**Data provided**:

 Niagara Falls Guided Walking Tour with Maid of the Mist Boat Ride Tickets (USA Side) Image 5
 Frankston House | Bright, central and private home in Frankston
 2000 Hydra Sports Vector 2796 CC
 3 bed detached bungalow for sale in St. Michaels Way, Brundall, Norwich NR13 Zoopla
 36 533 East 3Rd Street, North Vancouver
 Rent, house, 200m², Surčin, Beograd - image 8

==

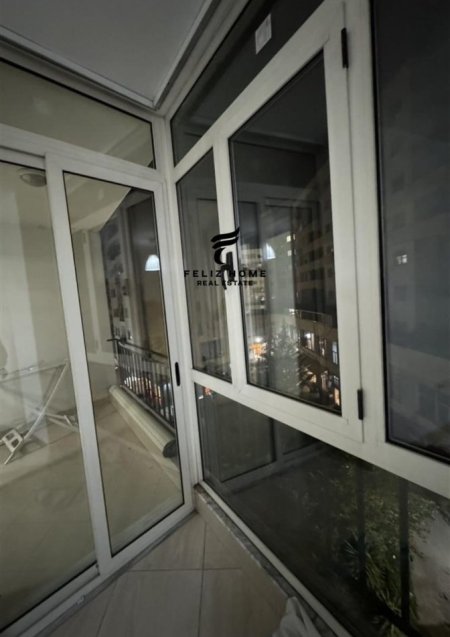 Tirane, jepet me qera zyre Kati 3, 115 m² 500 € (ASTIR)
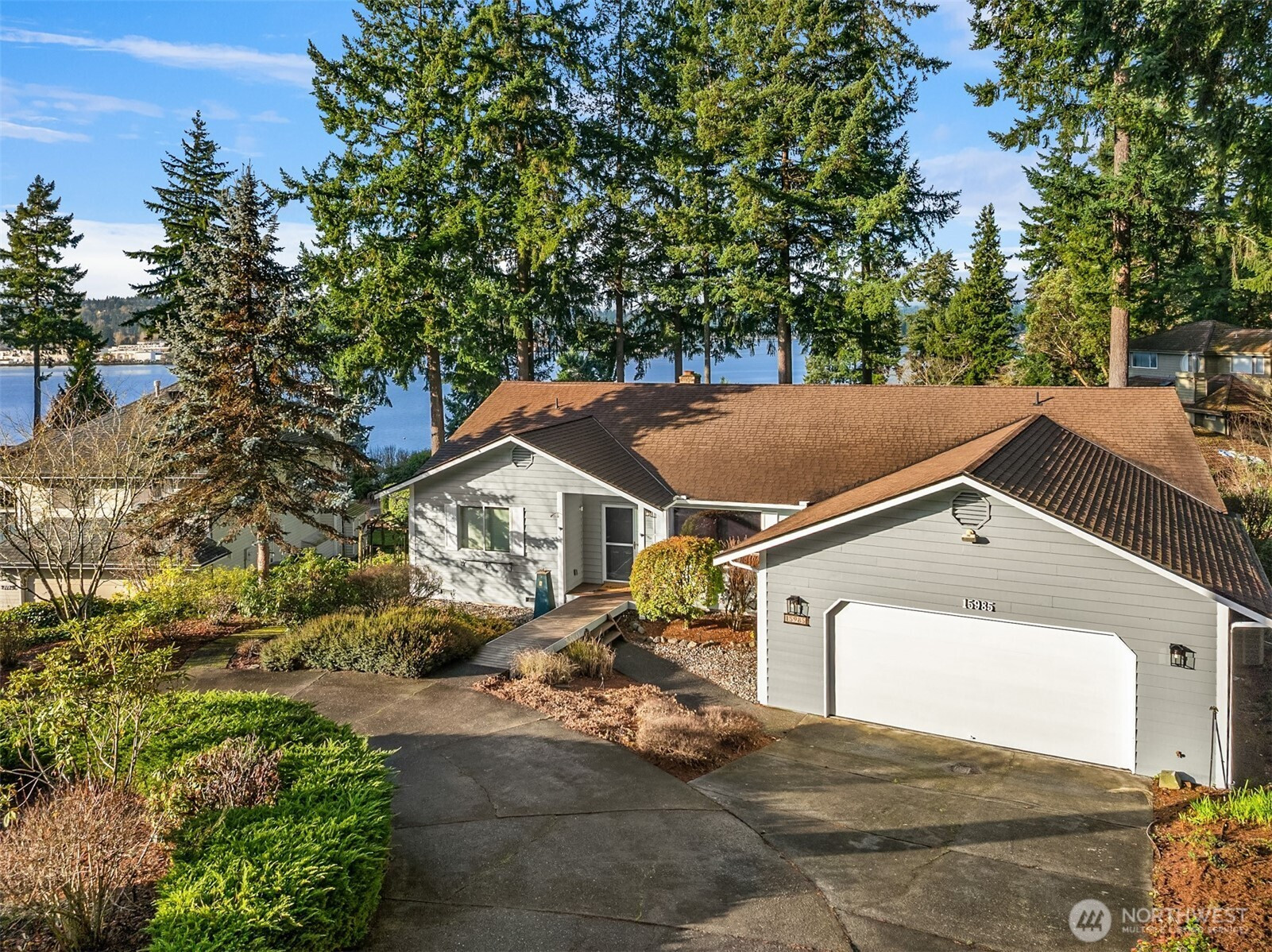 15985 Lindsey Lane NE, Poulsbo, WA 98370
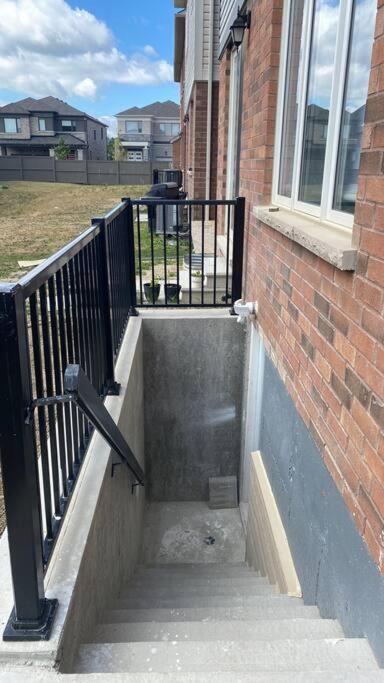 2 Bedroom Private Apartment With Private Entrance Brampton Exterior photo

---

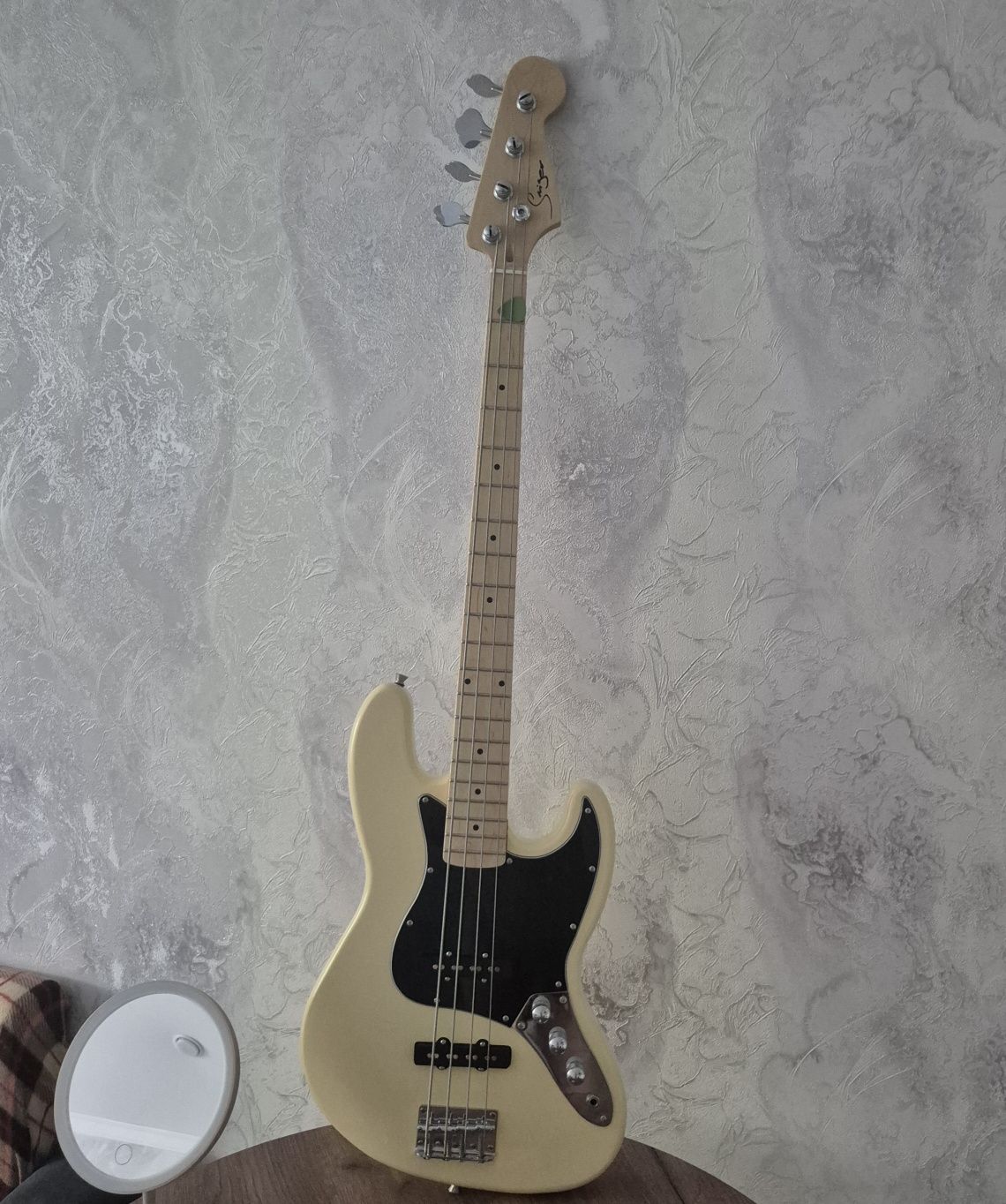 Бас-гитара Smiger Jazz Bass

**Activity**:
Given the listing above, repeat exactly the lines starting at the one with "Tirane, jepet me" and ending at the one with "2 Bedroom Private", inclusive, excluding pictures.

**Exercise answer**:
 Tirane, jepet me qera zyre Kati 3, 115 m² 500 € (ASTIR)
 15985 Lindsey Lane NE, Poulsbo, WA 98370
 2 Bedroom Private Apartment With Private Entrance Brampton Exterior photo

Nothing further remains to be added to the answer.